- [TASK PROMPT]: Nothing but the lines below from the one with "Drawing bird flying" through the one with "Pre-Owned Black Chanel Acetate Sunglasses" should be output, each exactly as given, and no pictures.

START EXERCISE DATA

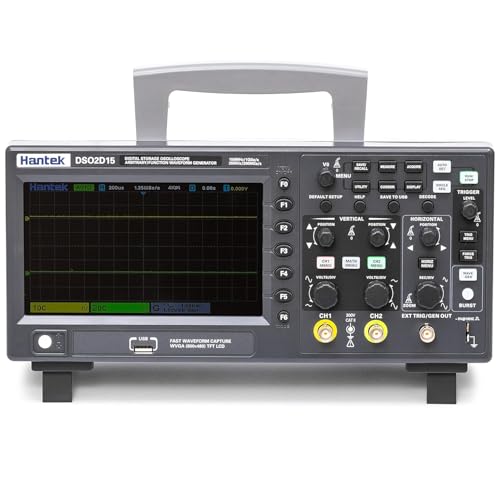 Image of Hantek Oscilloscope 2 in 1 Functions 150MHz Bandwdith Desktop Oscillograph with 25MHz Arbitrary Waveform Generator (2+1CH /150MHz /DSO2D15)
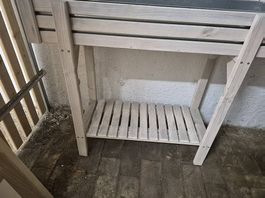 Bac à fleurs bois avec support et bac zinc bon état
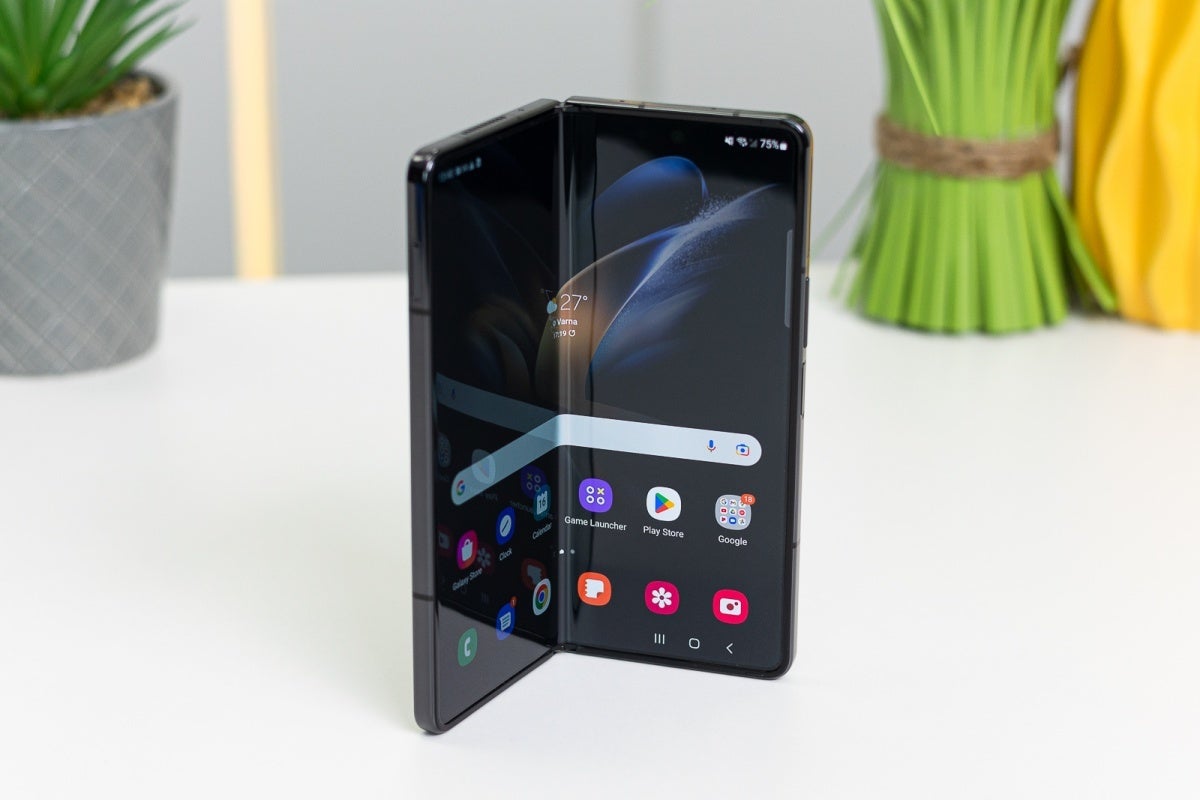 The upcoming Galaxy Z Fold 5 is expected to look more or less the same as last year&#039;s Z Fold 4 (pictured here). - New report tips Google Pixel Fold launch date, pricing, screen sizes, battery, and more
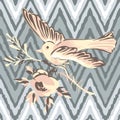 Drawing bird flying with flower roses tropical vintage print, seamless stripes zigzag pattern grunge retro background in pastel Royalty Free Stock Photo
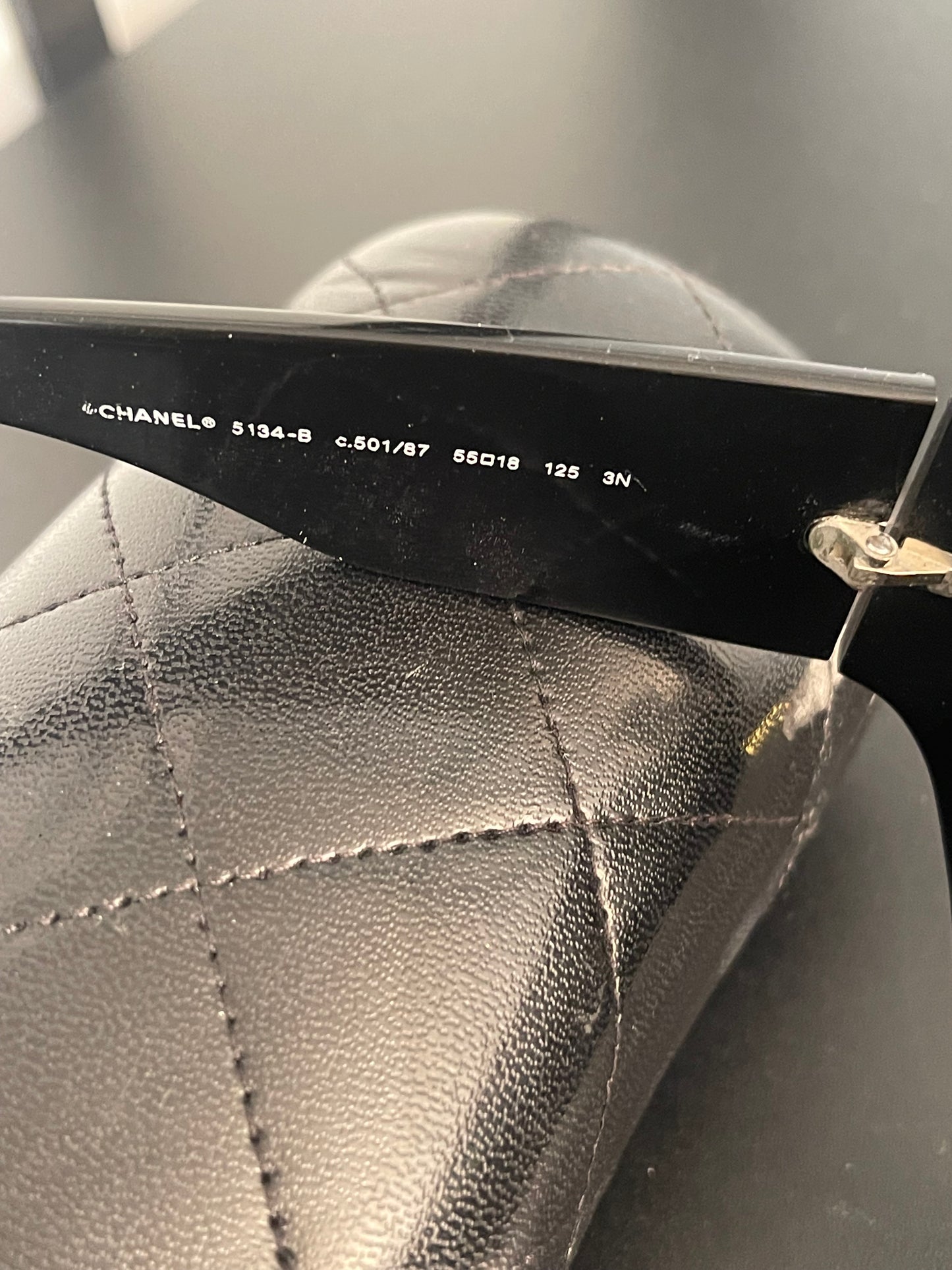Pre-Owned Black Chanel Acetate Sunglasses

END EXERCISE DATA
START EXERCISE DATA

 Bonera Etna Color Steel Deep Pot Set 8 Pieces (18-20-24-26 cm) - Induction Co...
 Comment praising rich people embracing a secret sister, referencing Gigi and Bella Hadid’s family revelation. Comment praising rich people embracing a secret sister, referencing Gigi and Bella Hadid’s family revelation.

END EXERCISE DATA

- [OUTPUT FOR THIS EXERCISE]:
 Drawing bird flying with flower roses tropical vintage print, seamless stripes zigzag pattern grunge retro background in pastel Royalty Free Stock Photo
Pre-Owned Black Chanel Acetate Sunglasses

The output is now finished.